** WORK TO COMPLETE **
Of the lines below, reproduce exactly those from the line containing "922 BATES AVE, Eustis, FL 32726" to the end, including both the first and the last.

** INFORMATION SHOWN **

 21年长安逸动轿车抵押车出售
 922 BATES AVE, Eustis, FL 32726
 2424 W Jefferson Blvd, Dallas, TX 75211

** TASK RESPONSE **
 922 BATES AVE, Eustis, FL 32726
 2424 W Jefferson Blvd, Dallas, TX 75211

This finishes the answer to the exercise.